Anthropic releases "System Prompts" that move Claude

Generative AI models aren't actually human-like: they have no intelligence or personality — they're simply statistical systems that predict the next word in a sentence — but like an intern at an autocratic workplace, they will unapologetically follow instructions, including initial “system prompts” that teach the model its basic behavior and what it should and shouldn't do.

All generative AI vendors, from OpenAI to Anthropic, use system prompts to control the overall tone and emotion of a model’s responses, to prevent (or at least try to prevent) the model from misbehaving. For example, a prompt might tell a model to be polite but never apologize, or to be honest about the fact that you can’t know everything.

However, vendors typically keep the system prompt secret, possibly for competitive reasons, but also because knowing it might suggest a workaround.

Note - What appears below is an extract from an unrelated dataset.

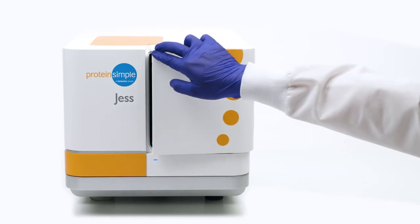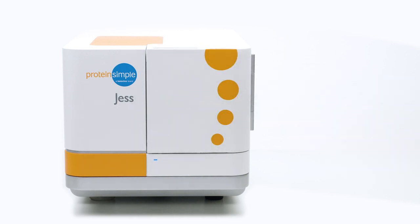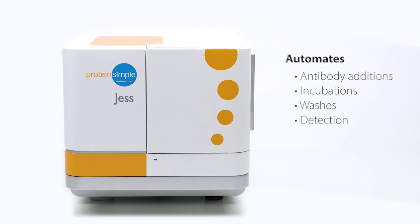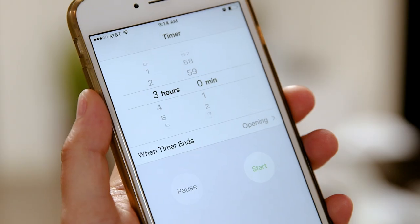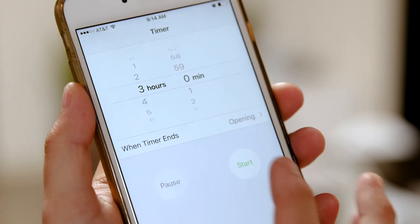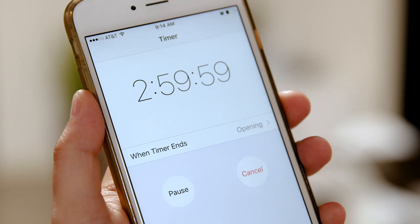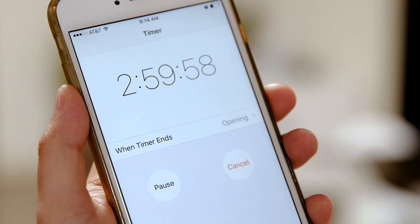She separates your protein by size and precisely manages antibody additions, incubations, washes, and even the detection steps. Come back to fully analyzed and quantitated results in three hours.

For example, the only way to expose GPT-4o's system prompt is through a prompt injection attack. Even then, you cannot fully trust the system output.

But as part of its ongoing efforts to position itself as a more ethical and transparent AI vendor, Anthropic has rolled out system prompts for its latest models (Claude 3.5 Opus, Sonnet, and Haiku) in the Claude iOS and Android apps, and on the web.

Alex Albert, Anthropic's head of developer relations, said in an X post that Anthropic plans to make these types of disclosures periodically as it updates and tweaks its system prompts.

Added a new system prompts release notes section to the documentation to document the changes we made to the default system prompts in the Claude dot ai and mobile apps. (System prompts do not impact the API.) pic.twitter.com/9mBwv2SgB1

— Alex Albert (@alexalbert__) August 26, 2024

The latest prompts, dated July 12, explain very clearly what the Claude model cannot do. For example, “Claude cannot open URLs, links, or videos.” Facial recognition is a big no-no. Claude 3.5 Opus system prompts instruct the model to “always respond as if the face is completely invisible” and to “avoid identifying or naming people whose faces are visible in the image.” [images].”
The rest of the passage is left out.